Return all of the data below verbatim and exclude every picture.

PROVIDED MATERIAL: Begin

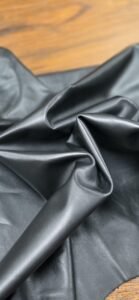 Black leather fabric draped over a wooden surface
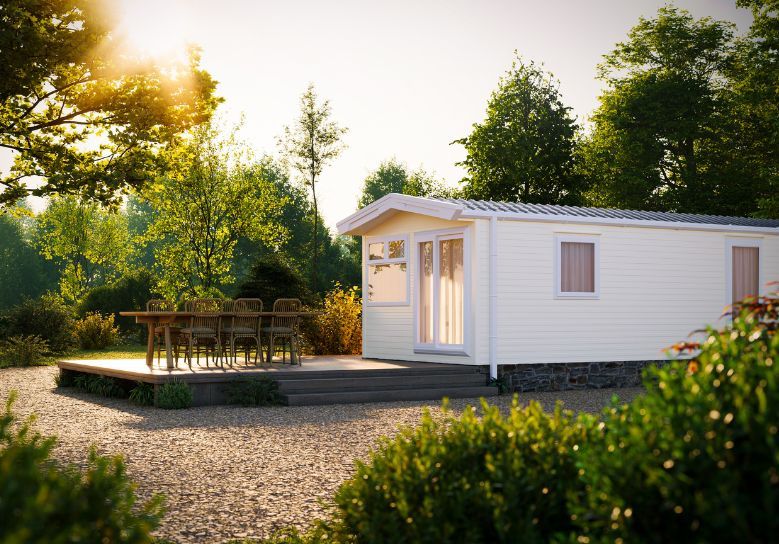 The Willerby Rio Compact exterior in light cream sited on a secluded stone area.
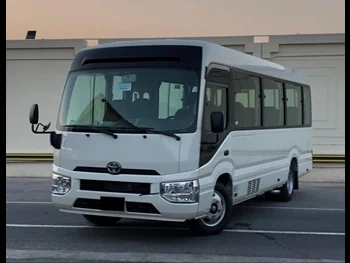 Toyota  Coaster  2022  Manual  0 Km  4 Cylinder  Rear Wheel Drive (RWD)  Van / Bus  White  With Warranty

PROVIDED MATERIAL: End

ANSWER —
 Black leather fabric draped over a wooden surface
 The Willerby Rio Compact exterior in light cream sited on a secluded stone area.
 Toyota  Coaster  2022  Manual  0 Km  4 Cylinder  Rear Wheel Drive (RWD)  Van / Bus  White  With Warranty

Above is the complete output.